Incident Archeology

An approach to learning across a broad collection of incidents—emphasis on breadth not depth. Are incidents just paperwork? "Can't I just fix things and move on with my job?" How can we captures the benefits of understanding communication, accountability, coordination, and learning from the paperwork? Incident Archeology. Clint Byrum @ LFI Conf 2023. youtube

YOUTUBE cKurUbYvWLA Incident Archeology. Clint Byrum @ LFI Conf 2023. youtube

Once you file the ticket for an incident, we ask for all of this extra work: write up the timeline, make sure status is accurate, set start time, time of detection, end time, estimate impact, document actions, coordinate post-incident meetings, facilitate discussions, track remediation, close the ticket. The teams are busy and being measured on other things. It is important to answer "why am I doing all this extra work?"

In a strongly autonomous culture, Spotify's incident response is still very top-down.

First hypothesis was disproved: "after-hours will have high MTTR and complexity." It is a falsifiable claim, but built on shaky foundation of MTTR (all start and end times are disputed) and even shakier ground of measuring complexity.
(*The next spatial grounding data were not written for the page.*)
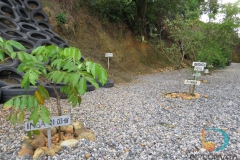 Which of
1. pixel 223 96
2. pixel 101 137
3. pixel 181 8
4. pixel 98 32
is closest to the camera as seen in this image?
pixel 101 137

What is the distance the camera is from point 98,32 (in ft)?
30.2

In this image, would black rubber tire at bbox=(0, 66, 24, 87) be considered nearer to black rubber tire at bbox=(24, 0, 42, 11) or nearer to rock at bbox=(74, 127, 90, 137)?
rock at bbox=(74, 127, 90, 137)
We did get some data. We found that there are almost no incidents after hours. We also found that MTTR is useless data. On the other hand, the graph of start times for incidents proved to be very reassuring to worried engineers going on-call.
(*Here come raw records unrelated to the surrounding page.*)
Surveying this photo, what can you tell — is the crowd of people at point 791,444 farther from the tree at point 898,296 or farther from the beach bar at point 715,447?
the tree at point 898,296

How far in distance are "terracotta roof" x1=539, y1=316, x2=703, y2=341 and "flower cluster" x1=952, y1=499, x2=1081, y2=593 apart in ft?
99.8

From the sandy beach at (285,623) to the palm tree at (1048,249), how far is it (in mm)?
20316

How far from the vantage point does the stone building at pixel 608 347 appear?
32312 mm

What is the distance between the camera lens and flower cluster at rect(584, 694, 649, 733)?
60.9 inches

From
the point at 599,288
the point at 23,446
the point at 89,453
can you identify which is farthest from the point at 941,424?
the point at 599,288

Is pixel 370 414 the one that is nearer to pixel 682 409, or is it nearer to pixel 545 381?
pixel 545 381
Digging into complexity. "How hard was it to fix? Did it have a clear and obvious resolution? Were senior engineers required to fix it? Graded 1 to 5 from simplest to hardest known solution." The main thing we learned here was how bad this question is. We spent so much time trying to estimate the complexity of an incident and turns out complexity is complex. No material value from this work.
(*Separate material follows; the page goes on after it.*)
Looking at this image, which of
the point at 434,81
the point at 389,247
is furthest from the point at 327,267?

Second hypothesis: "At least 50% of incidents have high avoidability. How easily could we have avoided this with pro-active work? Did we see it coming and fail to act, or was this an unpredictable event? Graded 1 to 5 from hard to predict to identified before it happened." This one is embarassing to show the LFI community. We're basically showing we like counterfactuals and we're going to measure them. We learned how easy it is to score a 3. We also learned scoring a 5 didn't actually teach us any way to improve. Main lesson was this is another bad question.

We did learn something very unexpected: 45% of our incidents had no post-mortem despite our policy requiring post-mortems. We had assumed all teams were running post-mortems on all incidents. This was evidence that we were asking people to do too much. When we showed this data people got angry. Turns out they almost always had a meeting, but in many cases didn't write anything down.

We also published a chart comparing post-mortem rate with MTTR broken down by team. Our data scientists were so polite in telling us how terribly stupid this chart was. Big lesson here is talk to your data scientists, or anyone with skills in statistical analysis before you go to print. Also, don't bother trying to compare MTTR with post-mortem rates.

In the following year we ran a big campaign to advocate teams perform post-mortems and write down their findings. We simplified our measurement to simple binary. Did we find any evidence of the post-mortem? But results were disappointing. We moved from 55% compliance to 62%. So we followed up with usability research to find out why teams weren't doing it. What we learned is they knew they were supposed to do them, but protested about the heaviness of the template and process. We learned if you don't give people lighter options they will skip the heavy process.

Found an easy-to-collect rubric that yielded a high signal in our incident data. Incidents that were easy for one person to solve didn't get post-mortems. Incidents involving many teams did get post-mortems. We were then able to change our advertising to encourage more post-mortems about less complex incidents.

24m25s Stuff we learned that we weren't looking for. Severity of impact isn't the only driver of chaos—even small impacts can pull hundreds of people into an incident. Nobody knows what the start time or end time of incidents means—therefore MTTR is a useless metric. Uptime success can hide massive problems with productivity—teams with high uptime might be completely burned out. 80% of our incidents are declared during business hours. Only 30% of declared incidents are local change failures—everything else was a change in the environment.